For the simple fact that many of these women are incarcerated because they cannot post bail, a black lives matter group decided that these mothers could not spend mothers day in jail.
“The money bail system in this country is unjust and punishes people for being poor,” Serena Sebring of Southerners on New Ground, a queer-focused social justice group, explained.
The BLM groups came together to raise $550,000 to bail out black women all across the US, with $345,000 going directly to bail money and the rest going to things like temporary housing or beauty appointments so that the mothers were able to feel human again for their day.
The groups spent a lot of time reading the roster and names of women located in the jail and prison systems. Writing letters to each of them, the BLM groups asked the women if they were caregivers or mothers.
They also worked with clergy within the jails in order to determine what women were mothers and who would benefit most from being bailed out.

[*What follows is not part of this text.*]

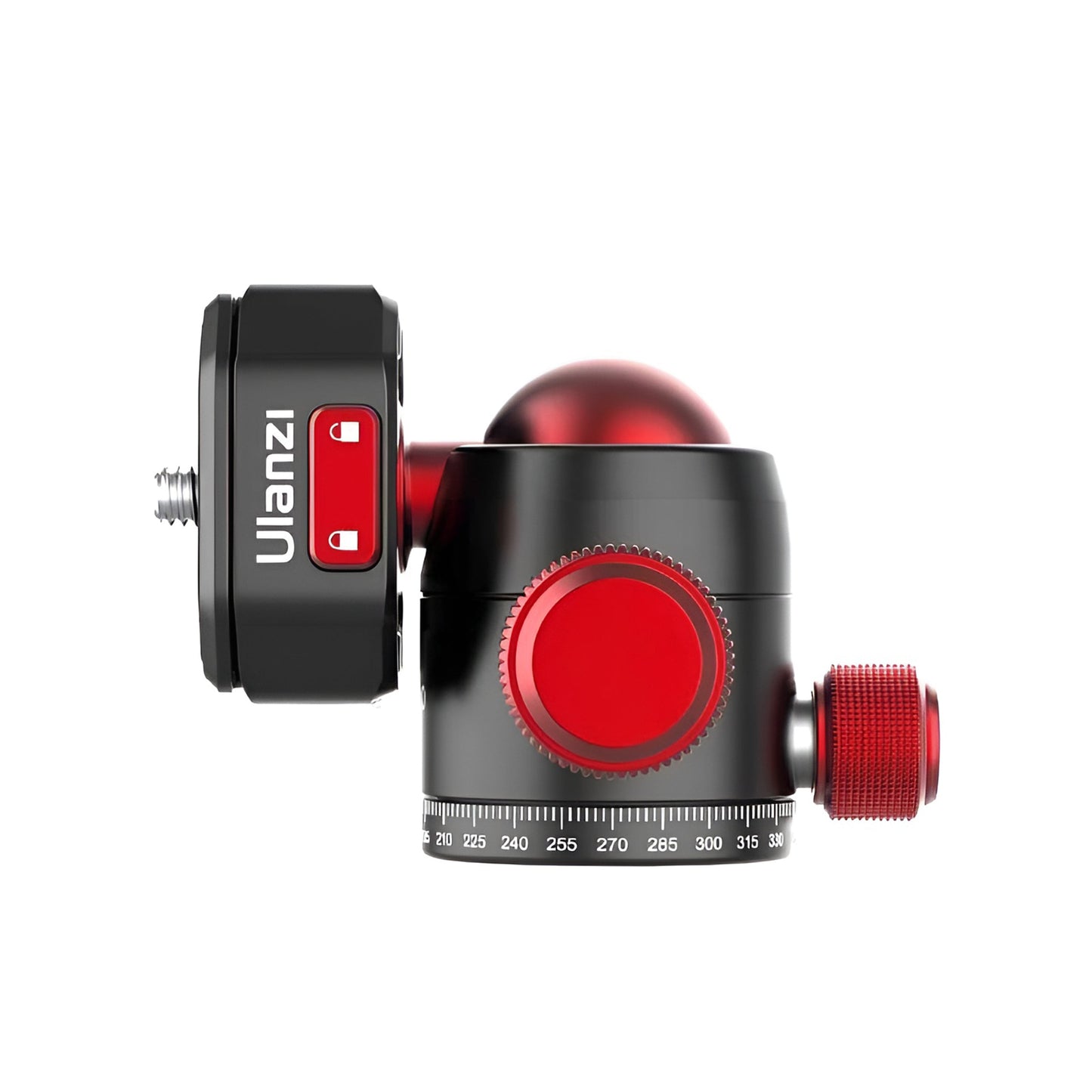 U-100 Claw Quick Release Ball Head 2305 (U-100)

“We’re working with local public defenders, folks in the court system, service providers and families,” said Scott Roberts, senior criminal justice campaigns director at Color of Change. “If there are criteria, that’s determined on the local level.”
“We’re trying to go above and beyond to make sure they feel cared for and loved,” said Ashley Green, lead organizer of social justice network the Dream Defenders in Florida. “We’re taking them to get their hair done, their nails done, we’re making sure they have a clear place to stay, transportation to and from jail.”